**INPUT MATERIAL**

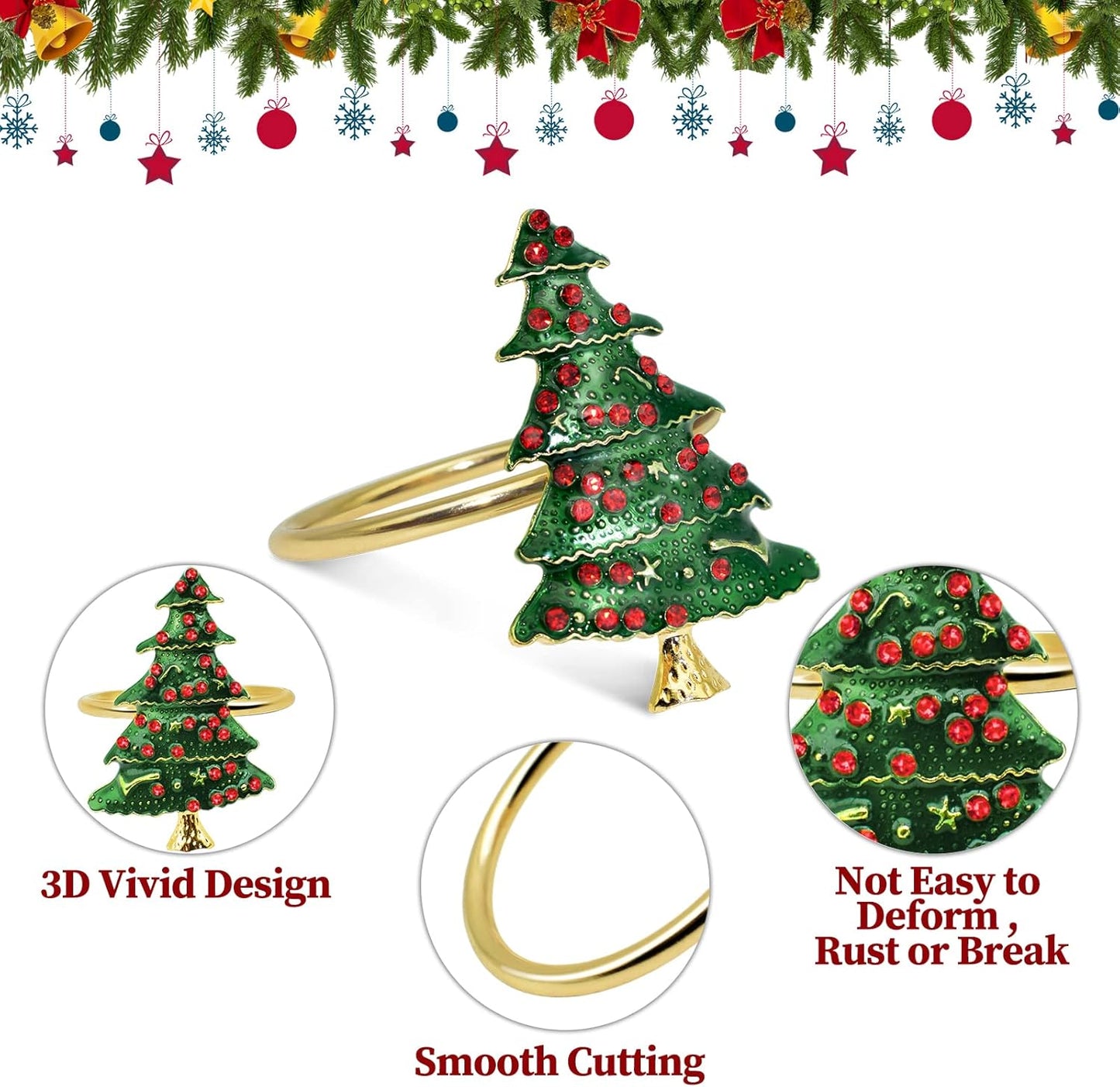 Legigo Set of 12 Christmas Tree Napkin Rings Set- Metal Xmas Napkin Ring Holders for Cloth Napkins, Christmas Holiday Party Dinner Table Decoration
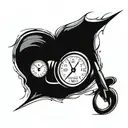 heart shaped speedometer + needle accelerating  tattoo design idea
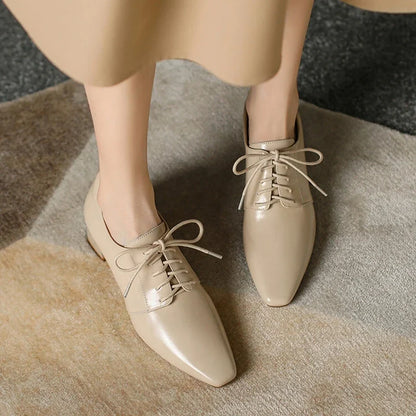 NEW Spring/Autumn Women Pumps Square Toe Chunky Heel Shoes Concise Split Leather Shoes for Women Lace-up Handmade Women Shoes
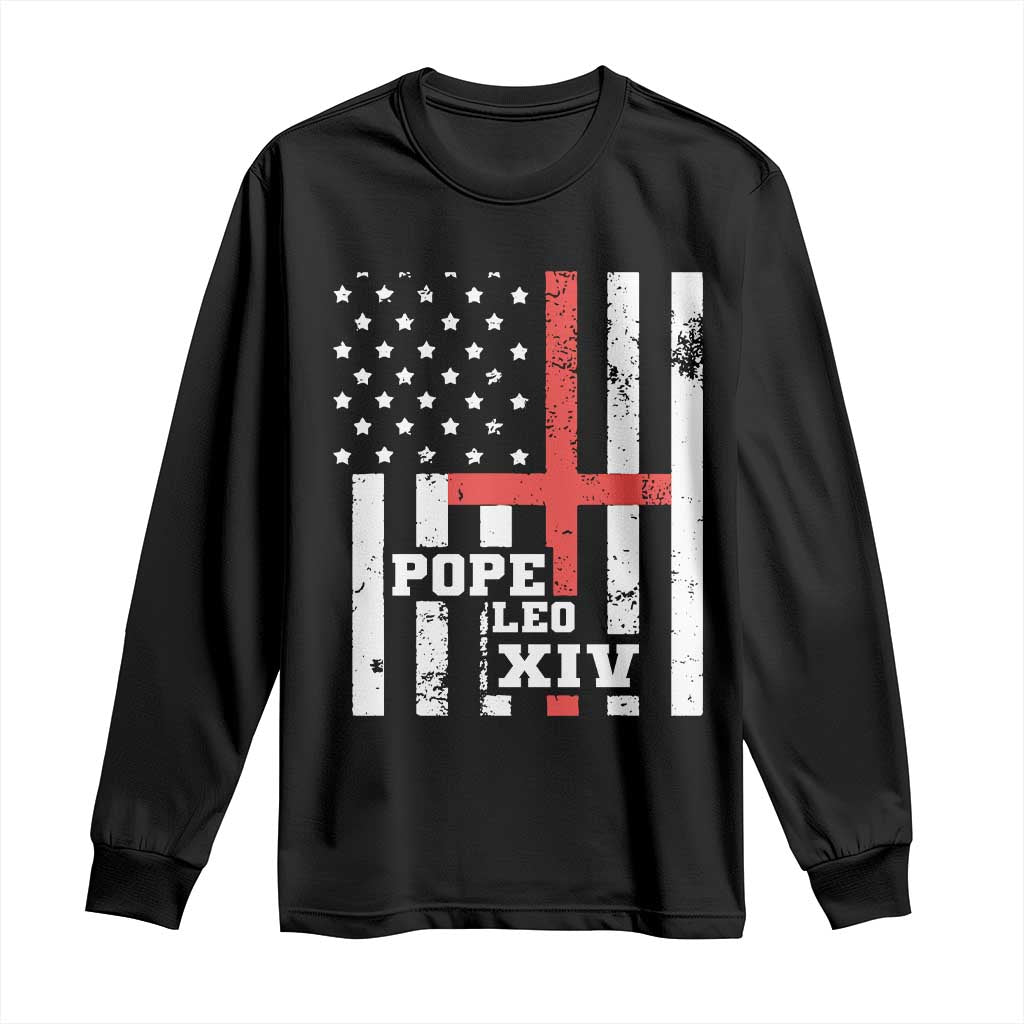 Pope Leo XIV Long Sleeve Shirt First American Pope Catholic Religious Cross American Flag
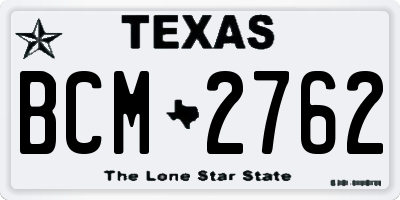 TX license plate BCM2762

**PROBLEM DETAILS**
I'd like every record transcribed exactly, with no pictures carried over.

**EXERCISE SOLUTION**
 Legigo Set of 12 Christmas Tree Napkin Rings Set- Metal Xmas Napkin Ring Holders for Cloth Napkins, Christmas Holiday Party Dinner Table Decoration
 heart shaped speedometer + needle accelerating  tattoo design idea
 NEW Spring/Autumn Women Pumps Square Toe Chunky Heel Shoes Concise Split Leather Shoes for Women Lace-up Handmade Women Shoes
 Pope Leo XIV Long Sleeve Shirt First American Pope Catholic Religious Cross American Flag
 TX license plate BCM2762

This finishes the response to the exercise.